Children of the Alley by Naguib Mahfouz


  79

  When Qassem went into his house, he found Zachary, Uwais, Hassan, Sadeq, Agrama, Shaaban, Abu Fisada and Hamroush. They looked at him in sympathetic silence. He sat down beside his wife.

  “Didn’t I tell you?” said Uwais.

  “Please, uncle, let him catch his breath,” Qamar scolded.

  “The worst hardships are the ones you cause yourself!” he said anyway.

  Zachary studied Qassem’s face carefully. “They insulted you, nephew. I know you as well as I know myself. You didn’t need all this.”

  “If it weren’t for Lady Amina, you wouldn’t have come back alive,” said Uwais.

  Qassem scanned his friends’ faces. “That dirty lawyer betrayed us,” he said.

  Their faces hardened, and they exchanged anxious looks. Uwais was the first to speak. “Disband now, while you can, and thank God that you got away.”

  “What do you say, cousin?” Hassan asked.

  Qassem thought a moment. “I can’t lie to you: death threatens us. I will excuse any of you who don’t want to help me.”

  “Let it end here,” said Zachary.

  “I will not abandon it, whatever the consequences may be,” said Qassem with quiet determination. “I will never be less faithful to my ancestor and the people of this alley than Gabal or Rifaa were.”

  Uwais got up angrily and left the room, saying, “He’s crazy. God help you, niece.”

  Sadeq stood and went straight to Qassem and kissed his forehead. “What you’ve said gives me back my spirit.”

  “The people of our alley kill one another over a coin, or for no reason at all,” said Hassan urgently. “Why should we be afraid of dying, when we have something worth dying for?”

  Sawaris’ voice sounded in the alley, calling Zachary, who stuck his head out the window and told him to come in. In a moment he entered the room and sat down, scowling darkly.
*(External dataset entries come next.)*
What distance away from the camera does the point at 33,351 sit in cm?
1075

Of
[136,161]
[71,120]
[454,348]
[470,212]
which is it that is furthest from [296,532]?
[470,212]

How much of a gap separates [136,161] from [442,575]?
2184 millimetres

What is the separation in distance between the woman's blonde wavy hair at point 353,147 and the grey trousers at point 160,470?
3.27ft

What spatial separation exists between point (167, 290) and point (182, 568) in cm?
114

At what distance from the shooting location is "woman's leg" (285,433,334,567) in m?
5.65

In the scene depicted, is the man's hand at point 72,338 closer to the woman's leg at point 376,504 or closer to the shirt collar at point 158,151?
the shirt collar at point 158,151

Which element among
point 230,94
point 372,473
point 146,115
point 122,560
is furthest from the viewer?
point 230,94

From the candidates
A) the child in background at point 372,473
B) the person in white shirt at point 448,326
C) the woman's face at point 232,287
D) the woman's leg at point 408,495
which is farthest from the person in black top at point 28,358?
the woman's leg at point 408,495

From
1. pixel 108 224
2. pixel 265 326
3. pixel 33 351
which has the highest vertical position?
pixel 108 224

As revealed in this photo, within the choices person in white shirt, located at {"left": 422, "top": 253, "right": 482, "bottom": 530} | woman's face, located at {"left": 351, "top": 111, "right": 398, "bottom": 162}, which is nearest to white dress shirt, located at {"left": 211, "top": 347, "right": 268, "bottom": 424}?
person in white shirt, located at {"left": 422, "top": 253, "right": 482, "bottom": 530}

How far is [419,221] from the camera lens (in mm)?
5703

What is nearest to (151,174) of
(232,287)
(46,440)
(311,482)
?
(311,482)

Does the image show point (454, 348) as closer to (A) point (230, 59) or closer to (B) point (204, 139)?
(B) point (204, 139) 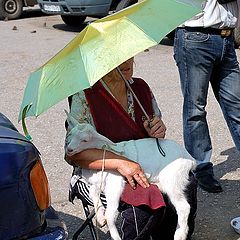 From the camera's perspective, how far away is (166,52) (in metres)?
9.81

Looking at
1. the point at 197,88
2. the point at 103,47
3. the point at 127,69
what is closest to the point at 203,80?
the point at 197,88

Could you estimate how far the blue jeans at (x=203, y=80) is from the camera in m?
3.97

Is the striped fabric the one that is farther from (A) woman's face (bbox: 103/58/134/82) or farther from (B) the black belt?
(B) the black belt

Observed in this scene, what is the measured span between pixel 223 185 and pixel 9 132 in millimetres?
2303

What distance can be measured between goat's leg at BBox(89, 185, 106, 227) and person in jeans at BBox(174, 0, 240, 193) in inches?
49.6

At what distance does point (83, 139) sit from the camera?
119 inches

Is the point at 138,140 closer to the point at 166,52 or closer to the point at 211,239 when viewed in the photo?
the point at 211,239

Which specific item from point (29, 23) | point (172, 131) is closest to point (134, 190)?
point (172, 131)

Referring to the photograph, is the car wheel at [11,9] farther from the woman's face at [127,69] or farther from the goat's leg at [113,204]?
the goat's leg at [113,204]

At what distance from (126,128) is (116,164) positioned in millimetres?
242

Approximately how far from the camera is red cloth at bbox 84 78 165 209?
3044mm

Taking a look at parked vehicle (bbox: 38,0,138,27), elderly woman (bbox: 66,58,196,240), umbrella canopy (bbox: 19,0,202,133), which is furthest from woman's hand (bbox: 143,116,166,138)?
parked vehicle (bbox: 38,0,138,27)

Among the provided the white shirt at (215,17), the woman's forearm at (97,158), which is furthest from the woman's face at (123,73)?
the white shirt at (215,17)

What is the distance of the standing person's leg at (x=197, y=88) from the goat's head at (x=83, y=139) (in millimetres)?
1164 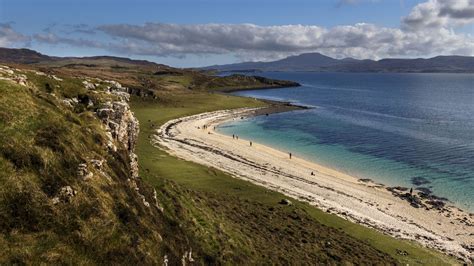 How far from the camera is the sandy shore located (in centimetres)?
4603

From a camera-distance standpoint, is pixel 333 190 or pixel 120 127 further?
pixel 333 190

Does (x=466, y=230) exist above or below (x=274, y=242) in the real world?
below

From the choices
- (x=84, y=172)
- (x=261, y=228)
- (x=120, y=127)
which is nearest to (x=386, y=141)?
(x=261, y=228)

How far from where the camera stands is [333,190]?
5997 cm

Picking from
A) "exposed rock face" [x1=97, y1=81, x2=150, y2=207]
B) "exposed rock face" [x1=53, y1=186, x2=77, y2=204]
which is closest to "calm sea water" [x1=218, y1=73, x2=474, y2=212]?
"exposed rock face" [x1=97, y1=81, x2=150, y2=207]

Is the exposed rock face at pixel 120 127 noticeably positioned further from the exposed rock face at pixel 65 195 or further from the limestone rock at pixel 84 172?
the exposed rock face at pixel 65 195

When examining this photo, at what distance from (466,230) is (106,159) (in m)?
46.1

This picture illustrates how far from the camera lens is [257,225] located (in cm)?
3722

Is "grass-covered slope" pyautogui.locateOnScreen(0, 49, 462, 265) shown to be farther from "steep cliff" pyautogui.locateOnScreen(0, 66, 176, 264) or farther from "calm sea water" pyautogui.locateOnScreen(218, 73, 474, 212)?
"calm sea water" pyautogui.locateOnScreen(218, 73, 474, 212)

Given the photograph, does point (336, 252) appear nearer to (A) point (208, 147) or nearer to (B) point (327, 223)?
(B) point (327, 223)

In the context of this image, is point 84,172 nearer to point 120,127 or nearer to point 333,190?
point 120,127

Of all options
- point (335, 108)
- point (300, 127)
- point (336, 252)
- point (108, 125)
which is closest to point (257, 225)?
point (336, 252)

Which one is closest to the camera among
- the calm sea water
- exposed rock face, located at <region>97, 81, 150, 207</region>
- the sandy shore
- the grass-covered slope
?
the grass-covered slope

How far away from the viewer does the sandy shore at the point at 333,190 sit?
46031 millimetres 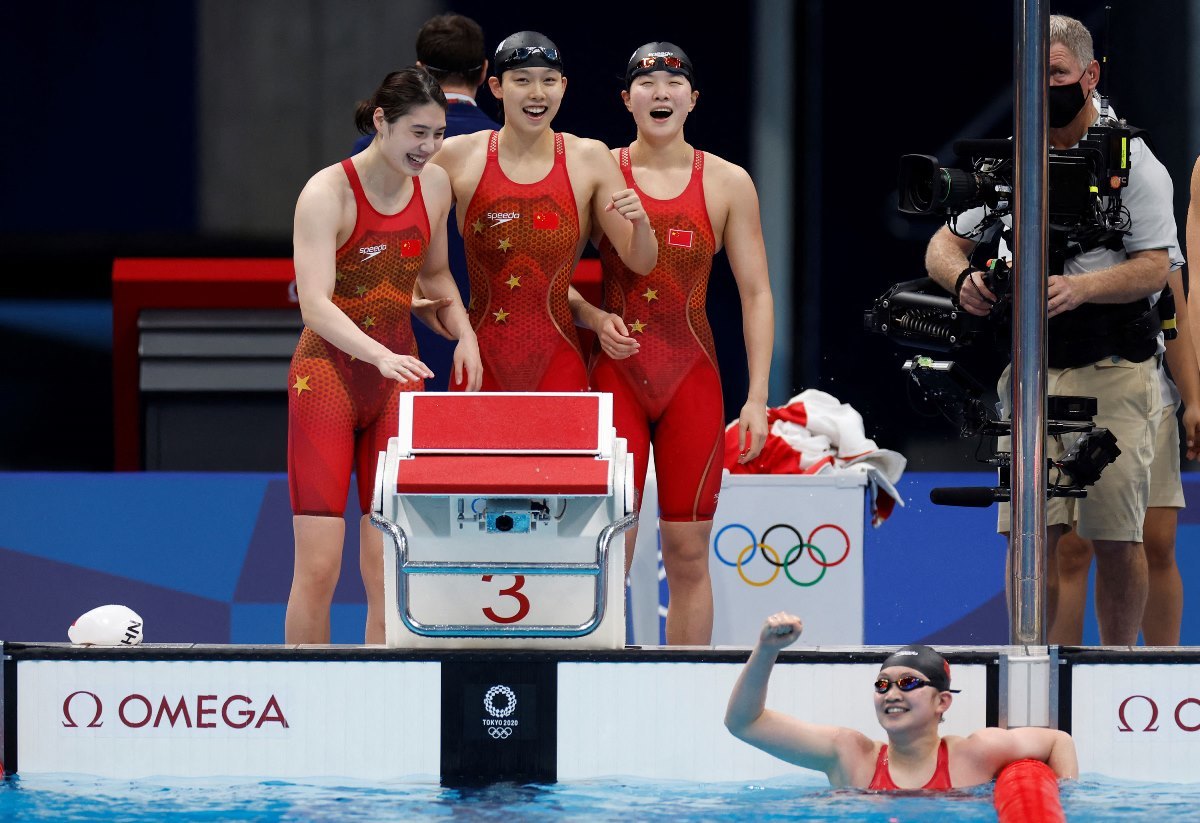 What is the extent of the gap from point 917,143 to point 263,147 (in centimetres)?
314

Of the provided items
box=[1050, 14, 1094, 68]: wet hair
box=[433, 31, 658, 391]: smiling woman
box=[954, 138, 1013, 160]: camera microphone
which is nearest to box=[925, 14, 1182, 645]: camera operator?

He looked at Qassem. “I didn’t know there was a protector in this alley besides me!”


  “It’s not as you’ve been told,” said Zachary worriedly.

  “What I was told was worse than that.”

  “The devil has played with our children’s minds,” said Zachary plaintively.

  “Lahita made me listen to some pretty rough things because of your nephew,” said Sawaris coarsely. “I had thought he was a levelheaded boy, but he’s completely crazy. Now, listen. If I’m too easy on you, Lahita will come and punish you himself, but I will not let anyone expose me to ridicule. So don’t go too far, and God help anyone who decides to be stubborn.”

  Sawaris began to watch Qassem’s friends, and let none of them go near his house; he humiliated Sadeq and punched Abu Fisada to enforce his orders, and asked Zachary to advise Qassem to stay inside his house until the trouble was forgotten. Qassem found himself a prisoner in his own house, as no one but Hassan visited him, but there was no power that could imprison the news of the alley. Whispers of the excitement in the Desert Rats’ territory made their way to Gabal and Rifaa: the lawsuit almost filed against the overseer, rumors about the Ten Conditions, even of a meeting between Qassem and Gabalawi’s servant Qandil. People were stirred up with every possible emotion, and the accusations and sardonic jokes flew.

  “The alley is whispering about all this,” Hassan told Qassem one day. “In the hashish dens you’re all they’re talking about.”

  Qassem turned to him a face clouded with worry and deep thought, as it had been for days. “We’ve become prisoners. Time is passing, and nothing is being done.”

  “No creature is expected to be superhuman,” said Qamar soothingly.

  “Our brothers are as fired up as they can be,” said Hassan.

  “Is it true that in Gabal and Rifaa they say I’m crazy and a liar?”

  “Cowardice corrupts men,” said Hassan, sounding pained and looking away.

  Qassem shook his head in bewilderment. “Why do people of Gabal and Rifaa call me a liar, when they have people who’ve met Gabalawi or spoken to him? Why do they call me a liar, when they should be the first to believe me and support me?”

  “Cowardice is the curse of our alley. That’s why they’re such hypocrites with the gangsters!”

  They heard Sawaris’ voice in the street, rising like a bull’s bellow of curses and insults. The family looked out the window and saw Sawaris, who had Shaaban by the collar and was shouting at him.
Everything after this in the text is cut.